Am J Gastroenterol 2002 May;97(5):1198-203
Internal Medicine, Community Health Care, Inc, Davenport, Iowa, USA.
OBJECTIVES: Southeast Asian immigrants, with a high prevalence of both hepatitis B and latent tuberculosis, constitute a large proportion of immigrants to the United States. Isoniazid hepatotoxicity may be associated with hepatitis B. This study was conducted to document the prevalence and interaction of hepatitis B, latent tuberculosis, and isoniazid toxicity. METHODS: Hepatitis B surface antigen (HBsAg) and tuberculin skin testing was done on 743 Vietnamese immigrants to the Midwest between January, 1991 and December, 1999. HBsAg positive cases were tested for hepatitis B e antigen (HBeAg). All tuberculin skin test-positive patients were treated with isoniazid, unless contraindicated. Complications of isoniazid treatment and compliance with hepatitis B virus immunization recommendations were evaluated. RESULTS: One hundred three subjects (13.86%) had HBsAg, and 43 (5.7%) HBeAg.
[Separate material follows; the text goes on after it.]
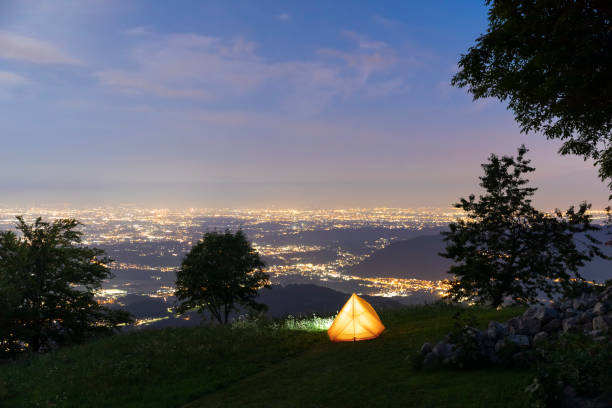 istock Illuminated camping tent on hill top, night view of city below 1332071955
Prevalences of latent tuberculosis were similar in HBsAg positive (53%) and HBsAg negative (45%) subjects. Sixty-two percent of HBeAg positive versus 19% of HBeAg negative subjects had hepatotoxic side effects requiring discontinuation of treatment (relative risk [RR] = 11.38, CI = 5.49 < RR < 23.59, p < 0.001). Three cases of severe isoniazid hepatitis occurred in 21 HBeAg positive subjects, versus no cases in 121 HBeAg negative cases treated with isoniazid (RR = 7.72, CI = 5.02 < RR < 11.88, p < 0.001). Only 58% of subjects at risk of developing hepatitis B virus infection were appropriately immunized. CONCLUSIONS: Vietnamese immigrants have a high prevalence of hepatitis B and latent tuberculosis. HBeAg positive cases have a 7.7-fold increased risk of serious isoniazid toxicity and an 11.3-fold increased risk of isoniazid side effects requiring discontinuation of treatment. HBeAg represents an important risk factor for severe isoniazid hepatitis.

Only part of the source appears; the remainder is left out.